A general accuses Israel of preventing clouds from bringing moisture to Iran. For him, “The changing climate in Iran is suspect.” Meanwhile, demonstrations against pollution and poor management of water resources continue in Khuzestan province.
Teheran (AsiaNews/Agencies) – An Iranian general has accused Israel of preventing clouds from bringing rain to Iran.
"The changing climate in Iran is suspect," said Brigadier General Gholam Reza Jalali, head of Iran’s Civil Defense Organisation.
"Foreign interference is suspected to have played a role in climate change," Jalali was quoted as saying, insisting results from an Iranian scientific study "confirm" the claim.
"Israel and another country in the region have joint teams which work to ensure clouds entering Iranian skies are unable to release rain," he said.
Jalali cited a survey showing that above 2,200 metres all mountainous areas between Afghanistan and the Mediterranean are covered in snow, except Iran.

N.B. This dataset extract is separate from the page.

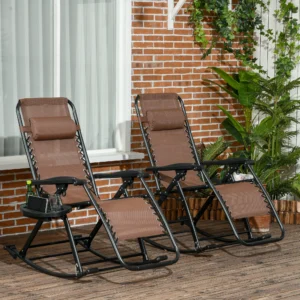 2 klappbare Outdoor-Schaukelsessel Null-Gravitation-Liegen mit Kissen, Becher...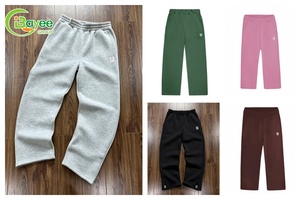 <span class=keywords><strong>Pantalon</strong></span> de survêtement décontracté surdimensionné en coton 100 % pour homme, coupe large, couleur unie, style streetwear personnalisé - Product Image 3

Not everyone in Iran shares this view. General Jalali "probably has documents of which I am not aware, but on the basis of meteorological knowledge, it is not possible for a country to steal snow or clouds," said the head of Iran's meteorological service Ahad Vazife.
"Iran has suffered a prolonged drought, and this is a global trend that does not apply only to Iran," Vazife explained.
"Raising such questions not only does not solve any of our problems, but will deter us from finding the right solutions," he added, in apparent reference to Jalali's claims.
Meanwhile, in the southwestern Iran, people have taken to the streets of Khorramshahr and Abadan, in Khuzestan Province, to protest the bad quality of the water.
These are "a reaction to years of poor management", aid Alex Vatanka, a researcher at the Middle East Institute specialised in Iran. Drought, a lack of drinking water and high levels of pollution have made things worse in the predominantly agricultural and Arab-speaking province.
"The region is disadvantaged from a socio-economic level compared to those inhabited by Farsi-speaking Iranians," says Ali Fathollah-Nejad, an associate researcher at the Brookings Doha Center.
The country has been in turmoil for years. “There have been sporadic protests,” Vatanka notes, “but they are not all linked. People protest against corruption and the regime’s agenda."
The Guardians of the Revolution, which runs the power and water supply in western Iran, pledged to act quickly to calm the situation.
For Fathollah-Nejad, "These protests are not new, but the repression is going to create even more frustration, and at the same time lead to radicalisation. The real threat to the administration comes from the economic crisis and the way it is exploited by the opposition.”